In such an atmosphere, on January 22, 1905, a priest, Father Gapon, who was one of the organizers of the pro-government trade unions, decided to lead a group of workers to present a petition to the Tsar at the Winter Palace. The petition included political and economic demands.
Political demands were the calling of an elected duma, freedom of speech and assembly, guarantee of fair trials and an amnesty for political prisoners.
Economic demands were more labour legislation, the eight-hour day, a reduction in the redemption repayments and the introduction of an income tax. The petition also demanded to end the war immediately, and 135,000 people signed the petition.
Gapon hoped that the tsar would grant reforms to lessen the discontent of the workers, and about 150,000 peaceful and orderly demonstrators followed Gapon’s group. The demonstrators, who were carrying the portraits of the tsar, and of the orthodox saints, assembled on the square in front of the Winter Palace. At this moment, the crowd still thought that they were “the children of the tsar” who would rectify their grievances.
Suddenly the guards of the Winter Palace fired on the crowd, and the still loyal Cossack soldiers charged into the thousands of demonstrators. More than a hundred people were killed, and several hundreds wounded. After the massacre, the Russians lost their age-old faith in the Tsar as the great guardian of the people. This was the beginning of a new age for Russia.

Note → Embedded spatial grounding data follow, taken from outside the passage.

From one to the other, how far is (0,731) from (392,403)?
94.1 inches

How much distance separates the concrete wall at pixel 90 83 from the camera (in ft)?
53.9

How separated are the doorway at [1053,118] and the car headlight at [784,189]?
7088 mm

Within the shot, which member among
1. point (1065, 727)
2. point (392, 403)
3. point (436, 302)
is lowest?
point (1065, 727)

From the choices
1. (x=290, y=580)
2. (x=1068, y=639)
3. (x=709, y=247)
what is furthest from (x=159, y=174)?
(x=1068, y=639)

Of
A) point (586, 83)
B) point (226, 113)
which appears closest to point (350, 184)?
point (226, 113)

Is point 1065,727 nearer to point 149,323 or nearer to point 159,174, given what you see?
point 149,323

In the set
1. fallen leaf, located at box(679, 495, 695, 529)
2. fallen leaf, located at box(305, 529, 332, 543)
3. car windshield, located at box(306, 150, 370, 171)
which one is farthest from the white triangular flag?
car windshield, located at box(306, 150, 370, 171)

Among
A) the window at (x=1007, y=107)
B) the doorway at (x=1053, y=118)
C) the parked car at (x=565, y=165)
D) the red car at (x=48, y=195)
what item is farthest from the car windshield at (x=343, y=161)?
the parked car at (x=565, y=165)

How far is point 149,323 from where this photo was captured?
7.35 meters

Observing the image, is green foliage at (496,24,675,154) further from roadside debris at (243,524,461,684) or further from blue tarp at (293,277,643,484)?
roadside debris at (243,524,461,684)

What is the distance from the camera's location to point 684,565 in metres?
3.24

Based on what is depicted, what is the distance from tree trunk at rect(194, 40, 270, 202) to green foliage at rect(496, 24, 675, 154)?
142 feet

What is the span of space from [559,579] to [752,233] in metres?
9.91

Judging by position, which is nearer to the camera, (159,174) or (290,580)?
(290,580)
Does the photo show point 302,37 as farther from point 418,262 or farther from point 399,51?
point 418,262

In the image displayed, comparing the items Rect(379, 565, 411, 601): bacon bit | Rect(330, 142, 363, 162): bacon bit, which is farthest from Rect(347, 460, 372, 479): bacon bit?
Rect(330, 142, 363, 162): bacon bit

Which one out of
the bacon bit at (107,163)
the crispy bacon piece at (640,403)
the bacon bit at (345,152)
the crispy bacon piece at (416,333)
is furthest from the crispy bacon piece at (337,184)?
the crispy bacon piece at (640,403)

There was a revolution in Russia in 1905, because of the many long and short term causes. The most important long-term cause was most probably Russia’s backward, and rigid social system. The most important short-term was obviously the trigger and beginning of the revolution, the Bloody Sunday massacre. All of the long-term causes suggest that at some stage there will be a mass rising of the people, but the trigger cause showed that a revolution was imminent.